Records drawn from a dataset
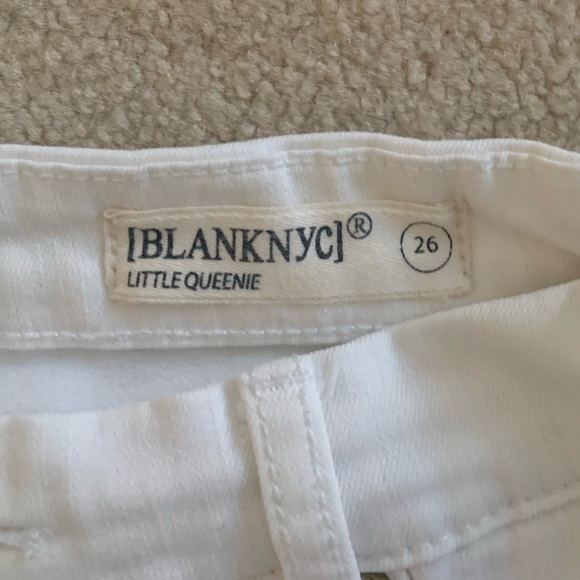 COPY - Blank NYC White Jean Shorts - Picture 4 of 5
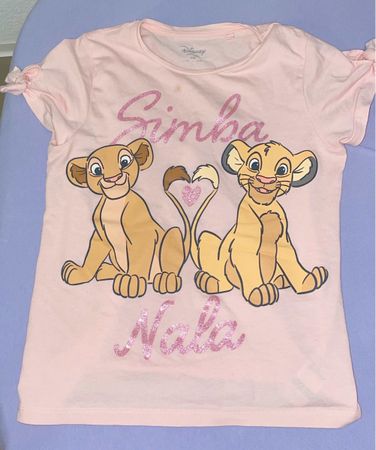 T-Shirt Disney König der Löwen rosa Grösse 122/128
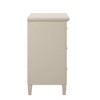 Leavitt Linen Drawer Face Dresser Beige - Inspire Q: Poplar & Plywood, Mid-Century Modern, 39"W - 4 of 4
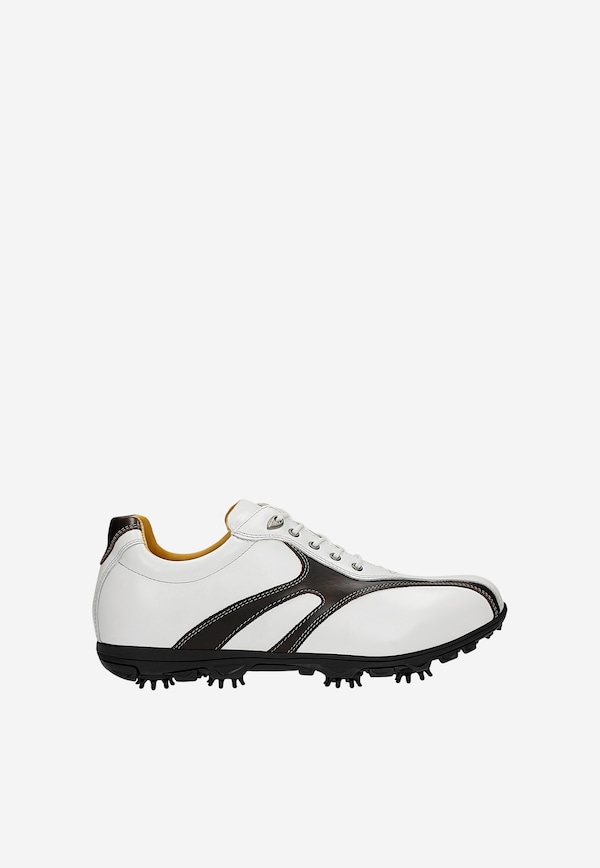 Brązowe męskie półbuty golfowe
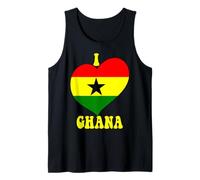 Me Encanta Accra, Ghana, Bandera, corazón, mamá, papá, tía, tío, ghanesa Camiseta sin Mangas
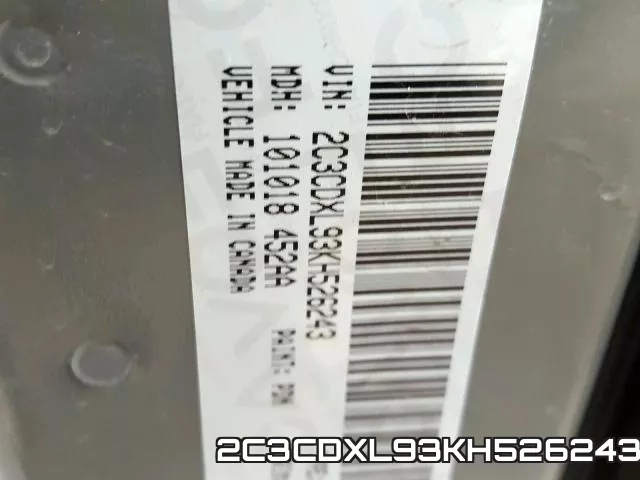 2C3CDXL93KH526243 фото 2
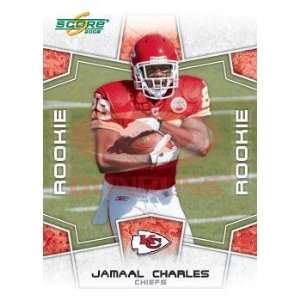 2008 Score #384 Jamaal Charles   RB   Kansas City Chiefs (RC   Rookie 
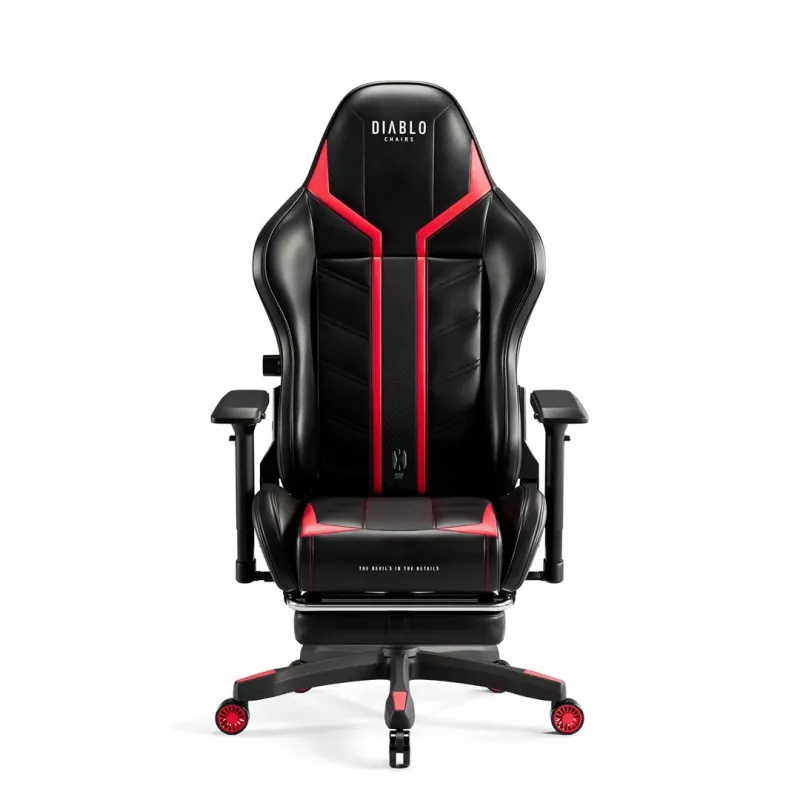 Diablo X-Ray 2.0 Normal Size Gaming chair Melns, Red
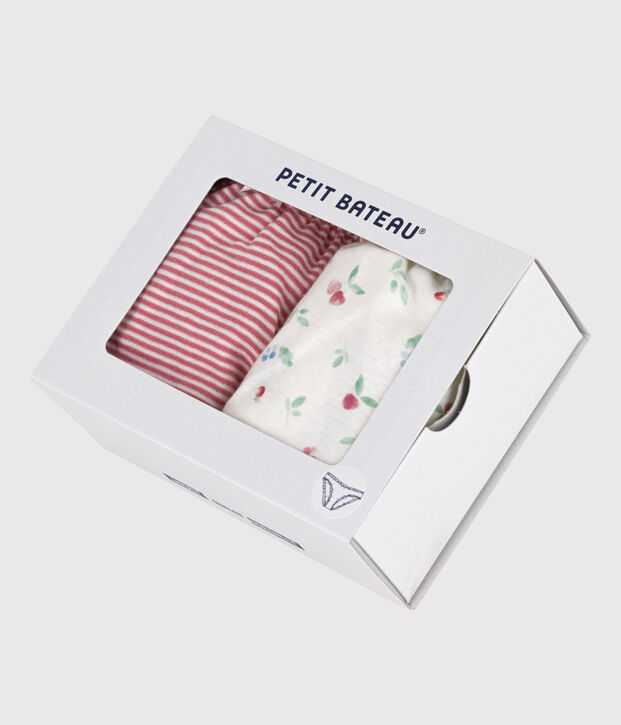 Women's fruit print cotton pants - 2-Pack multicolor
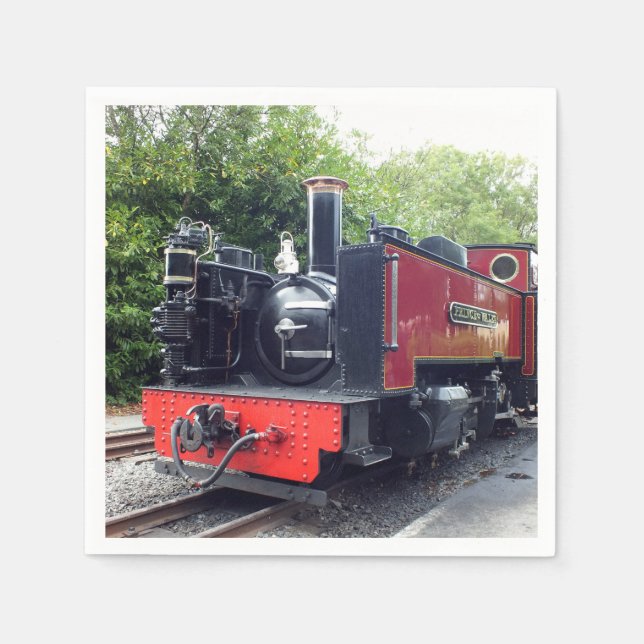 STEAM TRAIN   NAPKINS (Front)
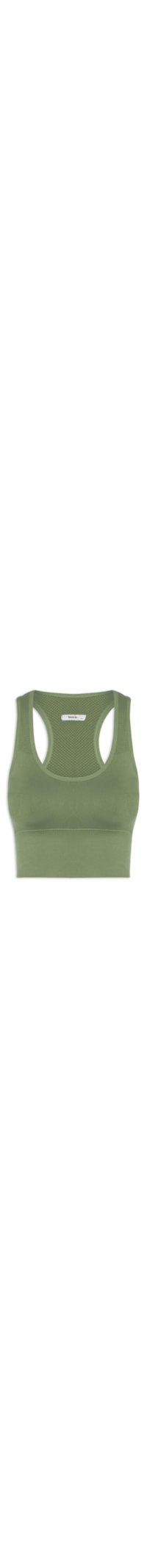 Top Feminino Fitness Com Bojo Removível - Verde
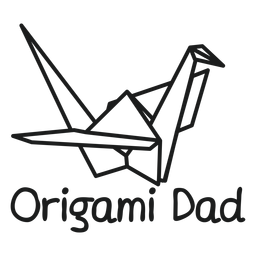 Gráfico de camiseta de papá de origami Diseño PNG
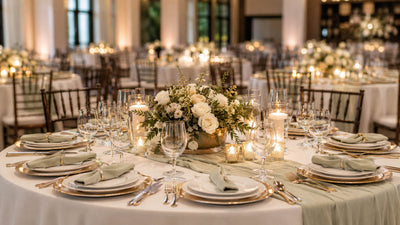 Setting Tables for 50, 100, 200 Guests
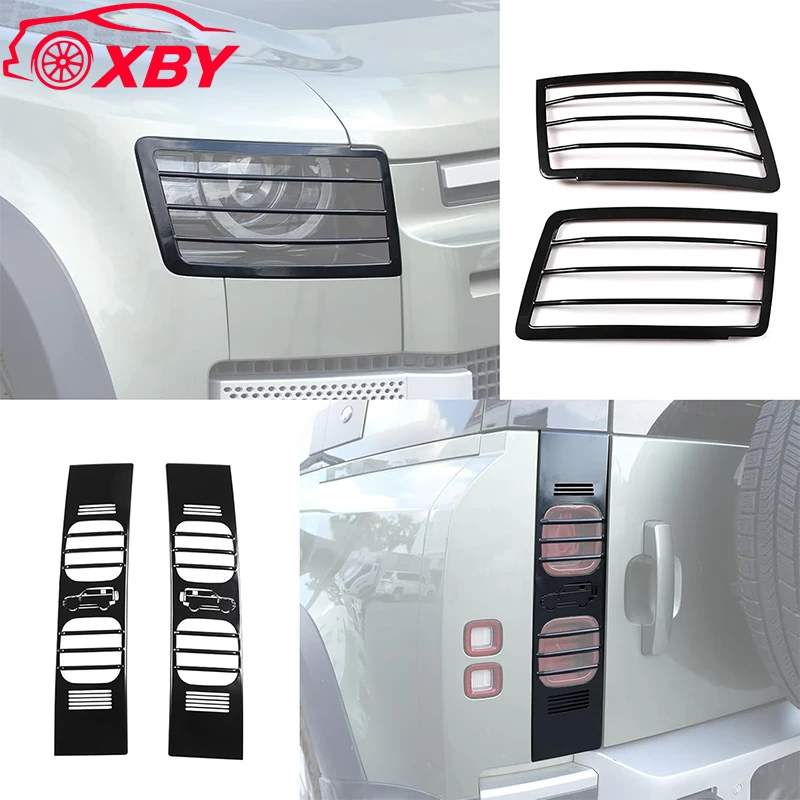 

Защитная крышка передней фары, задний стоп-сигнал, защитный чехол для Land Rover Defender 90 110 130 2020-2025, аксессуары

* Prompt:
Repeat only the stretch of data above that runs from the line with "T-Shirt Disney König" to the line with "Gráfico de camiseta". Keep both end lines; exclude pictures.

* Solution for this exercise:
 T-Shirt Disney König der Löwen rosa Grösse 122/128
 Leavitt Linen Drawer Face Dresser Beige - Inspire Q: Poplar & Plywood, Mid-Century Modern, 39"W - 4 of 4
 Brązowe męskie półbuty golfowe
 Me Encanta Accra, Ghana, Bandera, corazón, mamá, papá, tía, tío, ghanesa Camiseta sin Mangas
 2C3CDXL93KH526243 фото 2
 2008 Score #384 Jamaal Charles   RB   Kansas City Chiefs (RC   Rookie 
 Diablo X-Ray 2.0 Normal Size Gaming chair Melns, Red
 Women's fruit print cotton pants - 2-Pack multicolor
 STEAM TRAIN   NAPKINS (Front)
 Top Feminino Fitness Com Bojo Removível - Verde
 Gráfico de camiseta de papá de origami Diseño PNG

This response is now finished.